Presiden terpilih Prabowo Subianto direncanakan akan menarik utang sebesar Rp 775,9 triliun pada tahun 2025 mendatang. Angka ini telah ditetapkan melalui Anggaran Pendapatan dan Belanja Negara (APBN) 2025 yang dirancang oleh pemerintah untuk mendukung pembiayaan pembangunan negara.
Sumber Utama Pembiayaan: Surat Berharga Negara (SBN)
Menurut keterangan dari Direktur Strategi dan Portofolio Pembiayaan Direktorat Jenderal Pengelolaan Pembiayaan dan Risiko (DJPPR) Kementerian Keuangan, Riko Amir, pembiayaan ini sebagian besar akan bersumber dari penerbitan Surat Berharga Negara (SBN). Dari total Rp 775,9 triliun, sebanyak Rp 642,5 triliun akan didapat melalui penerbitan SBN, sementara sisanya, yakni Rp 133 triliun, berasal dari penarikan pinjaman.

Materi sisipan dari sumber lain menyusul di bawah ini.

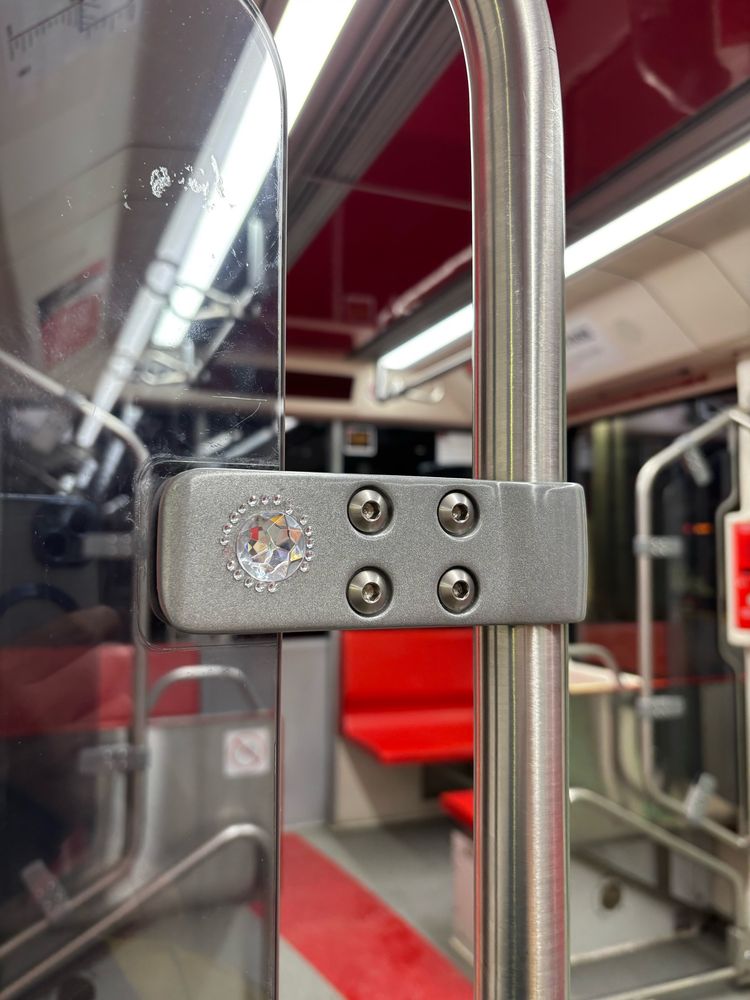 The inside of a light rail passenger train showing a handrail and a series of rhinestones glued to the mount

Pinjaman tersebut berasal dari dua sumber, yakni pinjaman dalam negeri dan pinjaman luar negeri. Untuk pinjaman dalam negeri, nilainya diperkirakan mencapai Rp 5,2 triliun, sedangkan pinjaman luar negeri mencapai Rp 128,1 triliun.

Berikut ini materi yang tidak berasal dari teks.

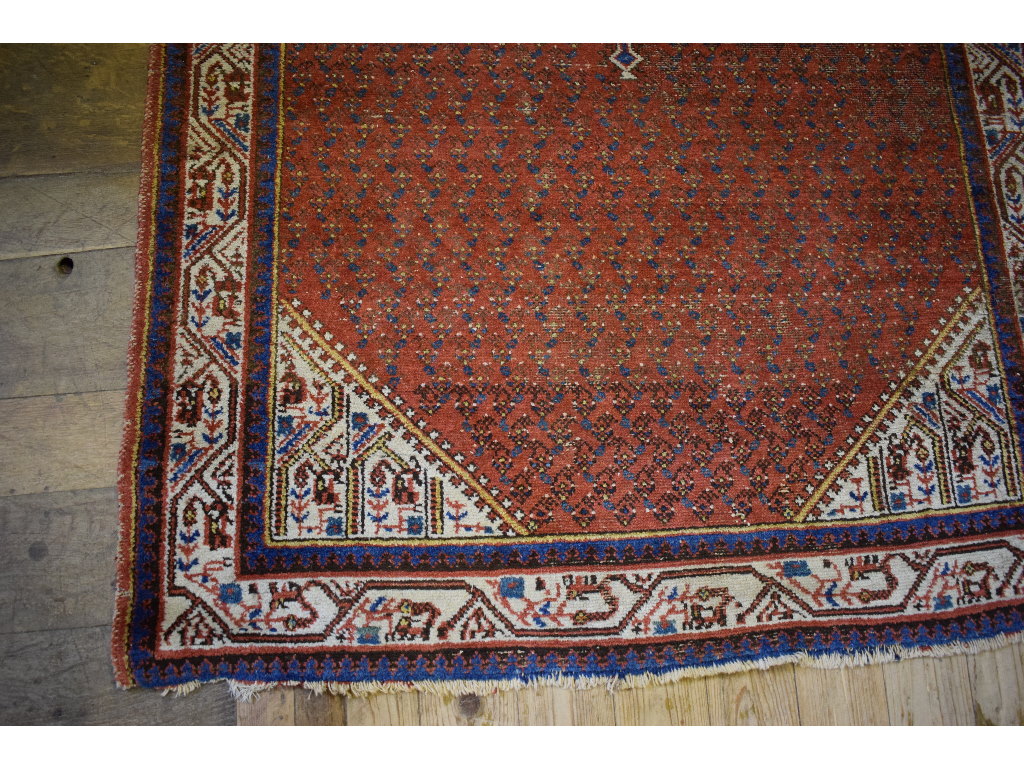 A Persian rug, decorated motifs on a pin - Image 3 of 4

Peningkatan Utang Dibandingkan Tahun 2024
Penarikan utang tahun 2025 ini menunjukkan peningkatan signifikan dibandingkan tahun sebelumnya, di mana pada tahun 2024 pembiayaan utang ditargetkan sebesar Rp 648,1 triliun. Peningkatan utang ini tidak lepas dari kebutuhan pemerintah untuk memenuhi pembiayaan dalam mendukung berbagai proyek pembangunan nasional, terutama dalam tahun terakhir periode 2020-2024.
Menurut Riko Amir, fenomena peningkatan penarikan pinjaman, baik dari dalam negeri maupun luar negeri, sering kali terjadi pada tahun kelima periode pemerintahan. Pada tahun-tahun awal, penarikan utang biasanya lebih rendah, namun meningkat secara signifikan di tahun-tahun akhir.
Strategi Pemerintah dalam Pengelolaan SBN
Untuk memenuhi target penerbitan SBN sebesar Rp 642,5 triliun, pemerintah telah menyiapkan sejumlah strategi. Salah satu strateginya adalah dengan menggelar lelang SBN setiap dua minggu sekali, bergantian antara penerbitan Surat Utang Negara (SUN) dan Surat Berharga Syariah Negara (SBSN). Dengan pola ini, pemerintah dapat mengadakan lelang SBN hingga 24 kali dalam setahun.
Riko juga menjelaskan bahwa SBN terdiri dari beberapa jenis instrumen, seperti SUN yang berbentuk Surat Perbendaharaan Negara (SPN) jangka pendek dan Obligasi Negara (ON) jangka panjang. Sedangkan untuk SBSN, ada dua instrumen yang akan diterbitkan, yaitu Surat Perbendaharaan Syariah Negara (SPNS) jangka pendek dan Project Based Sukuk (PBS) jangka panjang.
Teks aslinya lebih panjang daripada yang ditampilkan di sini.